The following is an excerpt of a short story from my book Tales of Coles County, Illinois, available on Amazon Kindle. Order it today for only $4.99. Tales of Coles County, Illinois was originally published in 2004. A 10th Anniversary edition was released in 2013, but has gone out of print.
As Halloween neared that October of 1980, the typical orange and black decorations appeared in store windows, and pumpkins began to be displayed on porches adorned with fake spider webs. For the students of Eastern Illinois University, it meant a Vincent Price film festival, haunted houses, and of course, renewed interest in the ghost that haunted Pemberton Hall.
There was nothing out of the ordinary going on for one university student and Mattoon resident who found herself in her usual hiding spot, doing what she usually did: writing in her journal. As she sat on her bed reflecting on the past week, only one thing came to her mind: the question her professor had posed before they left class on Friday.
He asked us what the first conscious thought was, Natalie wrote. When our long-gone ancestors were crawling around the underbrush. She paused for a moment to brush a hair off the page. Was it a primitive feeling of love between two of these walking apes? The realization that they desired each other and no one else? She thought for a moment. No, she wrote. Some birds do the same thing.
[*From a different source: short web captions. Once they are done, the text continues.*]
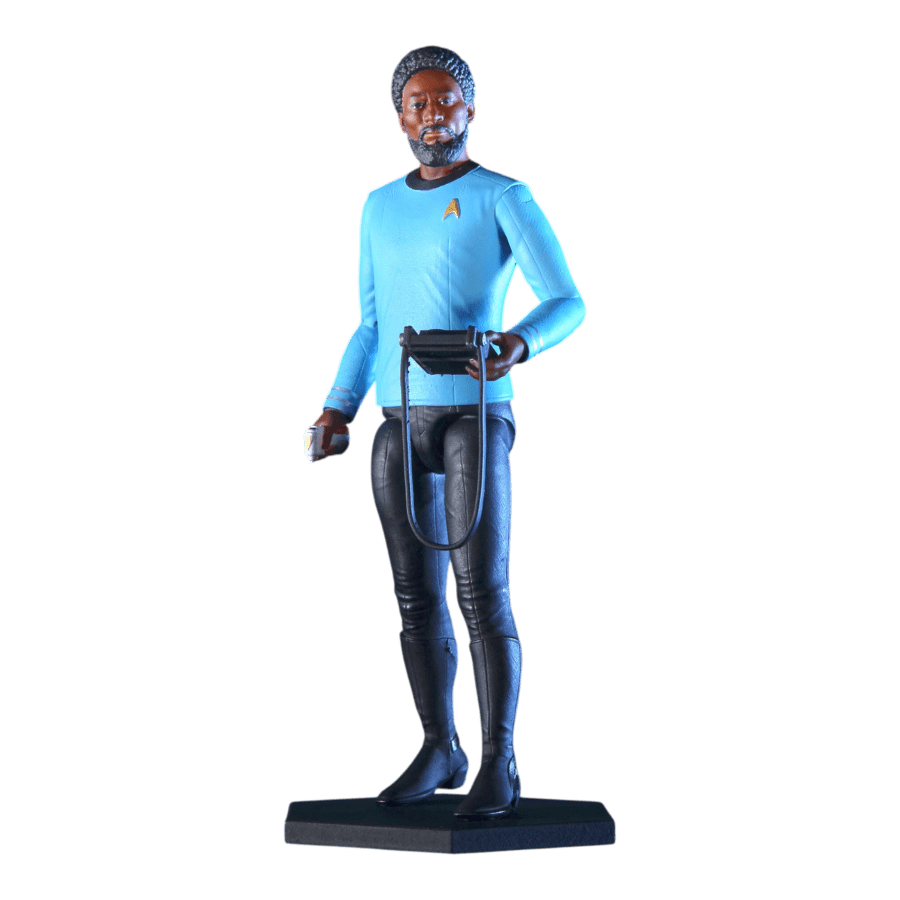 Star Trek: Strange New Worlds - Dr. M'Benga 4.5" Action Figure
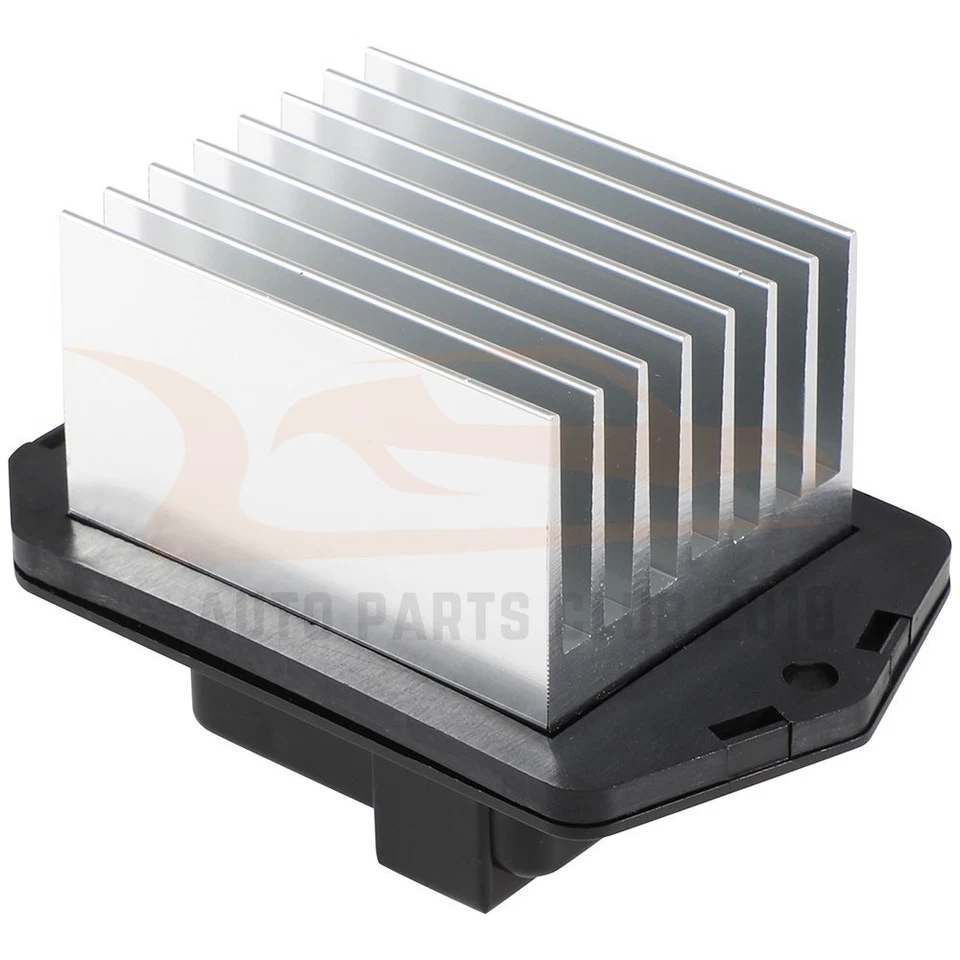 A/C Front Heater Blower Motor Resistor For 2002-2006 Honda CR-V 10-14 Insight Foto 4 de 4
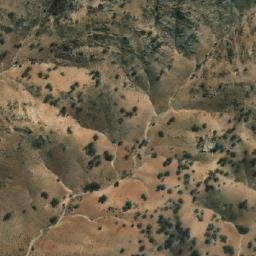 Satellite imagery of Tattawuppa Hill, AU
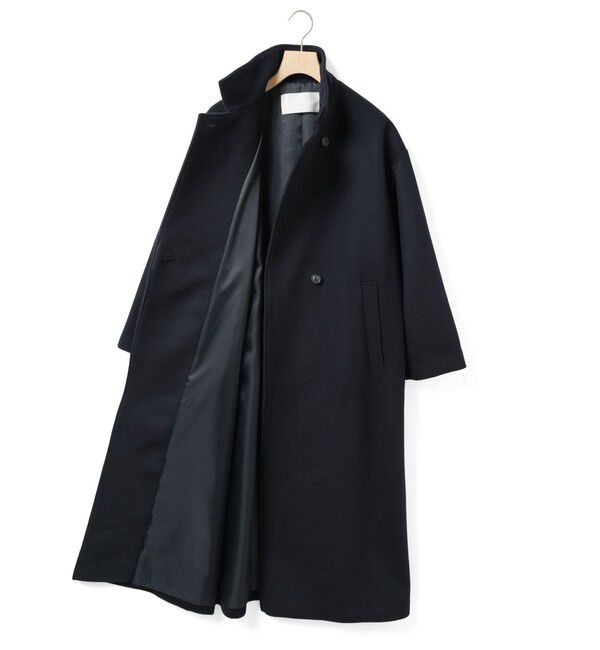 MARMARMAR「MARMARMAR スタンドカラーオーバーサイズコート」|その他|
She turned the page.
Was it the first person who realized that they could use a stick to get food? she wrote. No, there are animals who use crude tools too. Natalie looked up at her reflection in the long mirror on her bedroom wall. Was it the first person who looked down into a calm pool of water, and instead of thinking that there was an animal staring back, thought: “is that me?”
Her mother’s voice echoed up the stairs, interrupting her thoughts. “Natalie, honey?”
“Yes?” she yelled back.
“Do you need a ride to school?” her mother asked. “I’m going to be leaving soon.”
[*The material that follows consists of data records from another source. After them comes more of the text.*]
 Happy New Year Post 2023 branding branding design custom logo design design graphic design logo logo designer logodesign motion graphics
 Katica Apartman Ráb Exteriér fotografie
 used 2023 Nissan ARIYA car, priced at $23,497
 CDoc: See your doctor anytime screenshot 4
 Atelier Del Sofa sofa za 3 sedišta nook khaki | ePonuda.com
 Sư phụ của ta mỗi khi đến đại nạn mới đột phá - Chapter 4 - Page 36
“It’s about time,” Natalie muttered under her breath. She slammed her journal closed and stuffed it in her book bag. Natalie was a sophomore at Eastern Illinois University, but she had lived in the town of Mattoon for as long as she could remember.
She decided to go on to college to find a way to get away from her parents, who had asserted an overbearing influence on her ever since she was a baby. They are so afraid of me getting hurt because I’m their only child, she thought. She had also chosen to go to college because she had seen too many of the kids with whom she went to high school graduate and then remain in their hometown, getting married and working minimum-wage jobs.
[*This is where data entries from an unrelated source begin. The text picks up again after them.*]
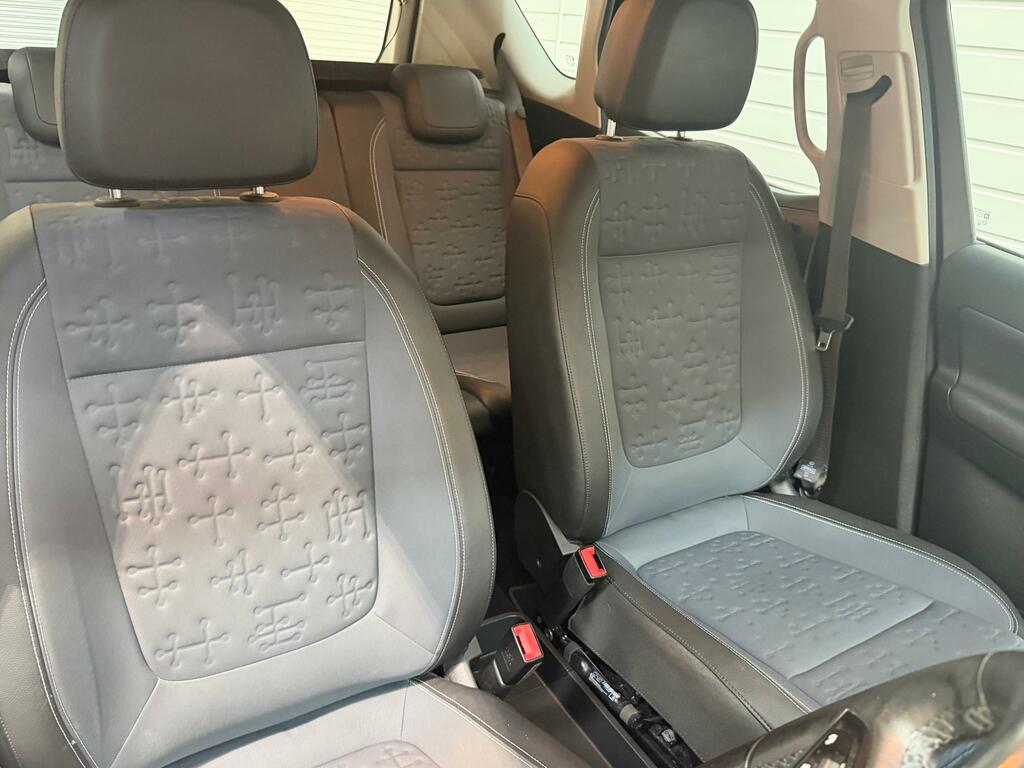 Vauxhall Meriva Tech Line Grey #32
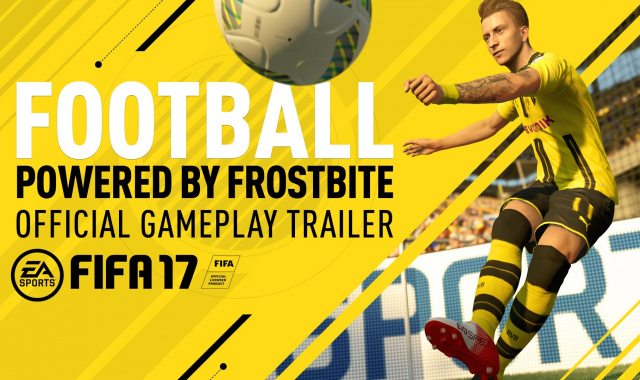 EA Sports Celebrates the Start of a New Season with All-New Gameplay Trailer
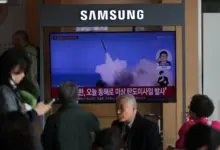 Η-Βόρεια-Κορέα-εκτόξευσε-βαλλιστικό-πύραυλο-λίγες-ημέρες-μετά-την-επίσκεψη-Χέγκεθ-στη-Σεούλ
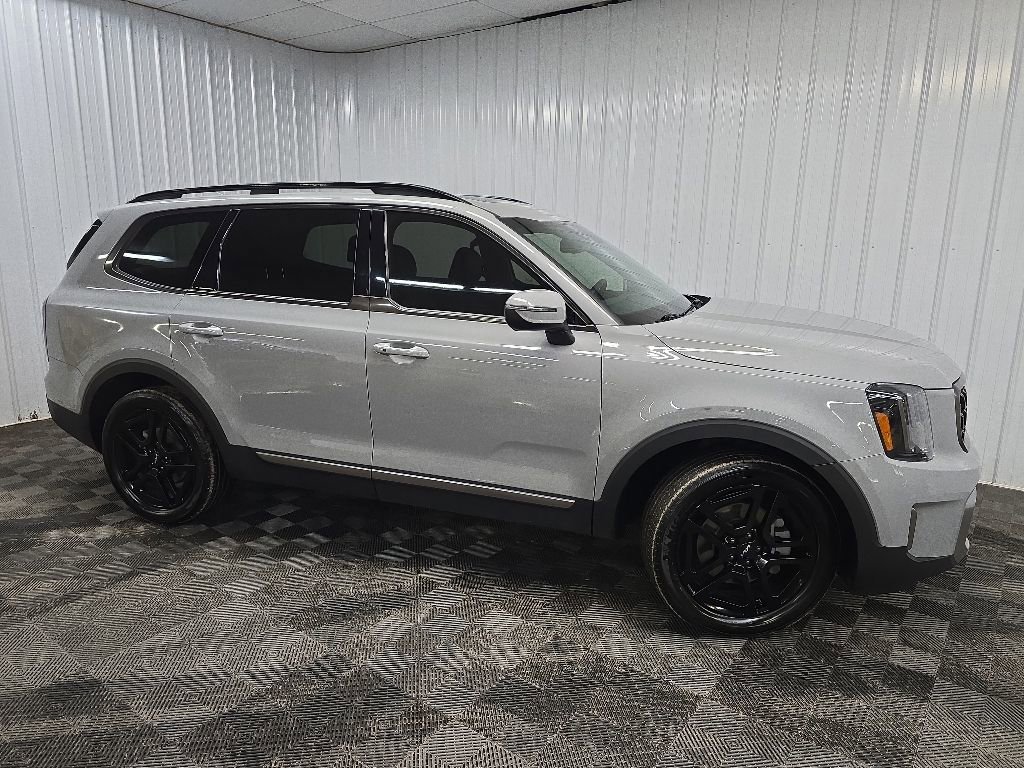 Used 2023 Kia Telluride EX X-Line AWD/4WD image 1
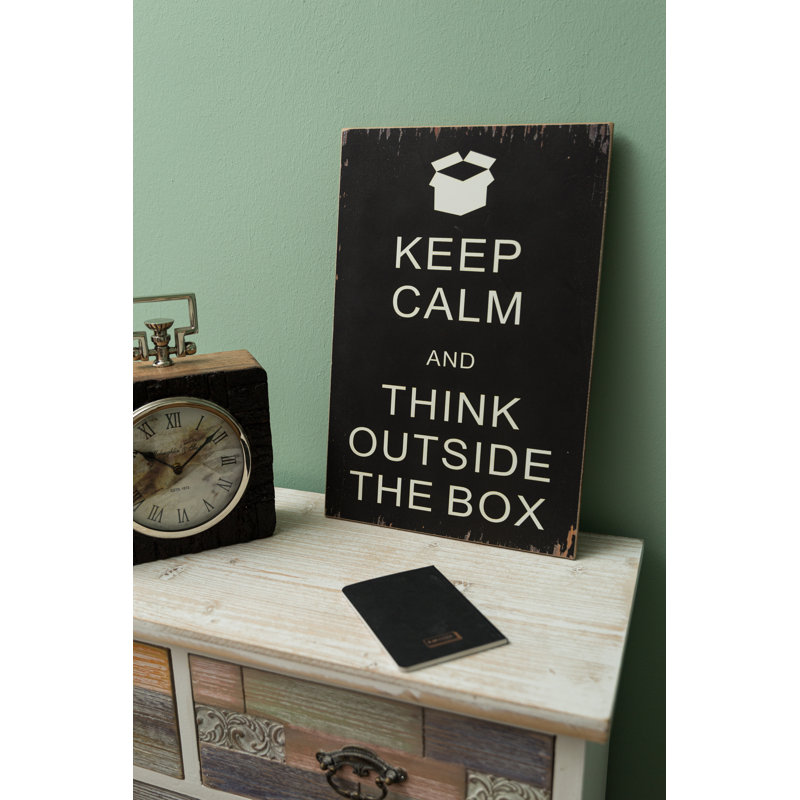 No Frame Print on Wood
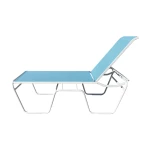 Sling Chaise Lounge - 20 in Height 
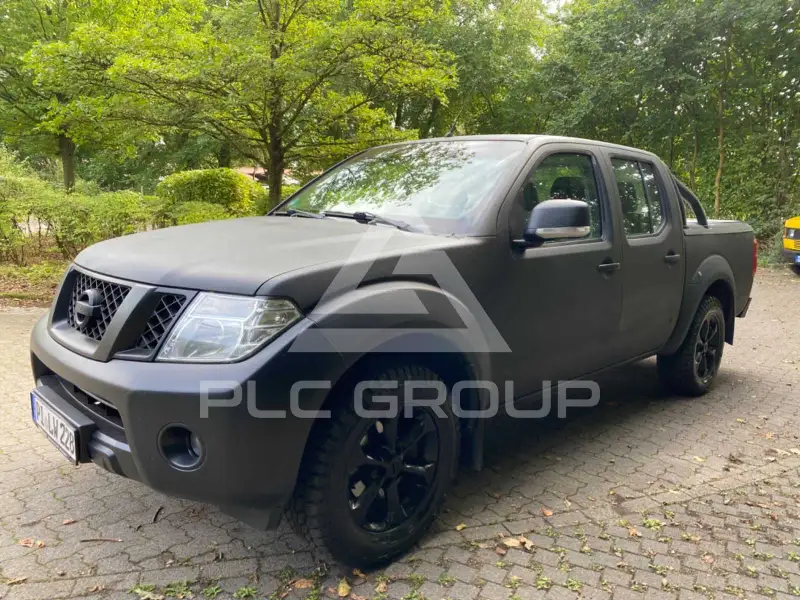 2011 Nissan Navara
Her mother and she were exact opposites. Her mother, whose name was Kate, was the “popular girl” when she was younger, and she still enjoyed a large group of friends. Natalie’s parents always invited friends and neighbors over to their two-story ranch house, but Natalie preferred the sanctity of her bedroom. She was not the social type. She had never believed she was very attractive. She lacked any feminine curves, and her reddish hair was always messy and dry. She had given up trying to do anything about her appearance a long time ago.